At this point, a fair question: what if you still need delivery? Does going direct mean giving up that capability?

Not at all. And this is where it gets interesting.

Third-party apps bundle ordering and delivery together — and charge you for both. But you don't have to buy them as a package. Last-mile delivery (LMD) companies like Stuart, Gophr, and Nash charge a flat fee per drop — typically a few dollars or euros depending on distance and volume. That's it. No commission. No percentage skimmed off your order value.

On a mid-sized order, Uber Eats and its equivalents take 15–30%. An LMD courier charges a flat rate — and the higher your average order value, the more the flat-fee model wins. On a large order, you could easily save 10–15% of revenue on that single transaction alone.

The smarter model isn't "no delivery." It's separating the ordering layer from the delivery layer — owning the first, and choosing the best provider for the second.

Chart comparing third-party delivery platform fees vs. last-mile delivery costs by order value

But the shift toward direct ordering isn't just about saving money.
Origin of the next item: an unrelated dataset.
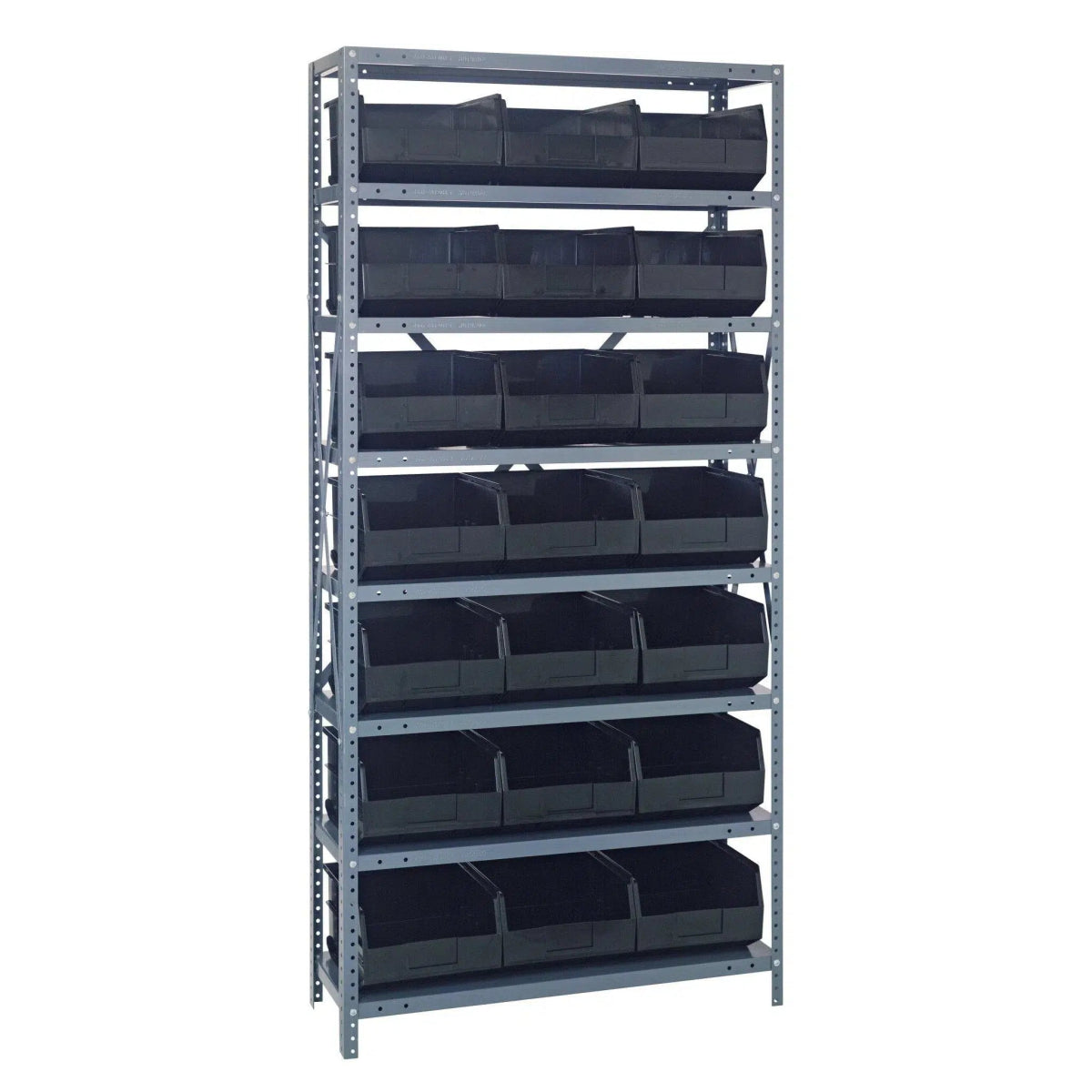 1275 - 445 | 12" x 36" x 75" Shelving Unit with 21 Bins - Steel Shelving with Bins > 12" Deep Steel Shelving Units with Bins > Open Front Plastic Shelf Bins - Industrial 4 Less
It's about owning the relationship.

When a customer orders through a third-party app, the platform owns the data. They own the re-marketing. They own whether your restaurant appears at the top of the search results next week or gets buried. You get a transaction. They get a customer.

When a customer orders directly through your own store, you get both.
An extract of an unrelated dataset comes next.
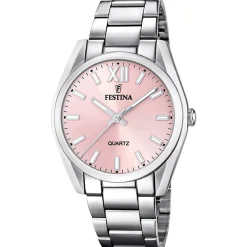Festina Damen Uhr Boyfriend Alegria F20622/2 Rosa, Edelstahl Armband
Why most Shopify food merchants are leaving money on the table

Here's the thing: a lot of restaurants and cafés are already on Shopify. They're using it for merchandise, gift cards, or packaged goods. But when it comes to food orders — hot drinks, baked goods, set menus, meal kits — they're either sending customers to a separate ordering platform or, worse, managing it through DMs and phone calls.

Stats showing consumer shift toward direct online food ordering

That friction has a real cost. Every extra step between "I want that" and "order placed" is a customer you risk losing.

The merchants getting this right are the ones who've turned their Shopify store into a complete ordering experience — one where customers can browse, customise, schedule a pickup or delivery slot, and check out without ever leaving the brand's own environment.

Chart showing checkout abandonment rate by number of steps
What a seamless food ordering setup actually looks like

Done well, direct online ordering for a food business handles a few things that general e-commerce platforms weren't originally built for:

Time-slot scheduling. A customer ordering a birthday cake needs to pick up at a specific time. A café pre-order shouldn't be treated the same as a next-day shipping order. The system needs to understand your opening hours, your prep time, and your capacity — and reflect that in what the customer sees at checkout.

Pickup vs. local delivery. These are fundamentally different fulfilment flows. A customer collecting from your counter has different needs to one getting a hamper delivered to their door. The checkout experience should feel tailored, not generic.

Menu customisation. Food orders are rarely one-size-fits-all. Dietary requirements, portion sizes, add-ons — the ability to capture these at the point of order saves enormous back-and-forth and reduces errors.

Order management that doesn't require a degree. For a small team running a busy kitchen, the operational side has to be simple. If the system creates more admin than it saves, it won't get used

Zapiet Eats: built for this exact problem

Zapiet Eats is a Shopify app built specifically for restaurants, cafés, bakeries, and food businesses that want to take orders the right way — on their own terms, through their own store.

It handles time-slot scheduling, pickup and local delivery, custom product options, and order management — all within Shopify, all without redirecting your customers somewhere else. No third-party middleman. No extra platform fees eating into your margins.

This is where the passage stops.